One of the things I calculate here is the *regret* -- if you could pick perfectly (see all 10 draws and pick the max), what would be the expected return. Here it ends up being a smidge over 0.9 (the sum of `picks + regret`). So basically any strategy we think of, it will not beat making around 90k on average. (There is probably a way using extreme value distributions to figure out that distribution exactly as well.)
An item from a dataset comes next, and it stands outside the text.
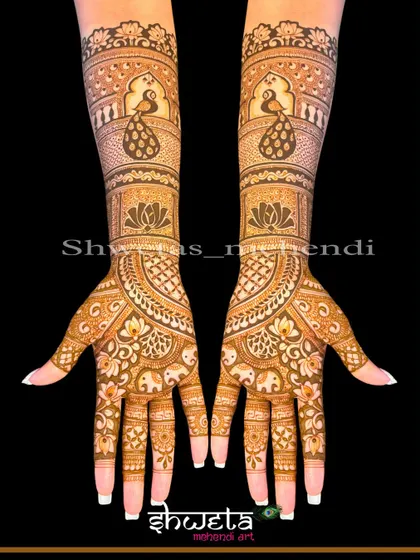 This full-hand design combines graceful peacocks on the forearm with rows of elephants on the palm, creating a beautiful and traditional bridal look.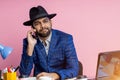 Indian young businessman sitting at workplace Royalty Free Stock Photo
One of the things I noticed when doing this, changing the probability to not be 0.5 actually gets a higher expected value. If you use 0.8, our expected return is now around $85k.

In [2]:
sim(0.8,True) # setting the probability to 0.8 gets a higher expected value

0.85536420614866
0.055070965607778966


This is obviously sub-optimal. It would suggest if on draw 9 you had $30k, don't pick another one, because the probability of drawing higher is only 70%, not 80%. I mean it is not as risky (so should be smaller variance). But it does appear from the expected value, picking probabilities 0.6-0.8 results in higher expected returns to the game.

In [3]:
# Which this appers to do pretty well
t = np.linspace(0.5,0.95,10)

# tops out around 85k
for i in t:
    ev,rv = sim(i)
    print("")
    print(i,rv.mean(),ev.mean())


0.5 0.07212950486892737 0.8369544663643035

0.55 0.06318835405384854 0.8475709073970679

0.6 0.055547614077148616 0.8545588713154775

0.65 0.052528962521430876 0.8554965773521448

0.7 0.051492053917225396 0.857099694572431

0.75 0.052780829897087406 0.8554183591075935

0.8 0.05499302004432168 0.8544919460318391

0.85 0.06092134392256444 0.8482347458152982

0.8999999999999999 0.07119758580830286 0.8375272915329715

0.95 0.0930938415997185 0.8155751567364791


# A Better Solution via ChatGPT

[Cate Hall](https://x.com/catehall/status/1935438452788752514) made the comment that it is an error and make a joke that LLMs are better. John Horton on that thread showed how ChatGPT could answer the problem. I asked a few more [clarifying questions](https://chatgpt.com/share/68540ea4-d098-800e-9638-c329ceb441e4), and had python crack out the exact values. Instead of using probabilities, you can recursively see the expected value of future draws, and use that expected value to calculate whether to stop or continue on.

In [4]:
# Getting the exact values for the recurrence relationship
# I asked a few more clarifying questions to figure this out
# https://chatgpt.com/share/68540ea4-d098-800e-9638-c329ceb441e4
k = 10
ev = [0.5]

for i in range(k-1):
    lastev = ev[-1]
    leftover = (lastev + 1)/2
    newev = (lastev*lastev) + (1-lastev)*leftover
    ev.append(newev)

ev.reverse()
exact_rule = ev[1:] + [0]
exact_rule # I append 0 just so it is easier for the way I wrote my simulation

[0.8498214073624081,
 0.8364465402671089,
 0.8203006037631678,
 0.800375666500635,
 0.7750815008766949,
 0.741729736328125,
 0.6953125,
 0.625,
 0.5,
 0]

In [5]:
# Now simulating to see how this does
def sim_rule(rule=exact_rule,verbose=False,n=10000):
    x = 10 - np.arange(10) - 1
    regret = []
    picks = []
    for _ in range(n):
        sim = np.random.rand(10)
        ms = sim.max()
        for l,r,s in zip(x,rule,sim):
            if s > r:
                pick_max = s
                break
            elif l == 0:
                pick_max = s
        r = ms - pick_max
        regret.append(r)
        picks.append(pick_max)
    picks = np.array(picks)
    regret = np.array(regret)
    if verbose:
        print(picks.mean())
        print(regret.mean())
        return None
    return picks, regret

sim_rule(verbose=True) # ER is now at 86k

0.861607488905187
0.04759900635303128


And this verifies that ChatGPTs answer to the problem had a higher return than my strategy of using probabilities.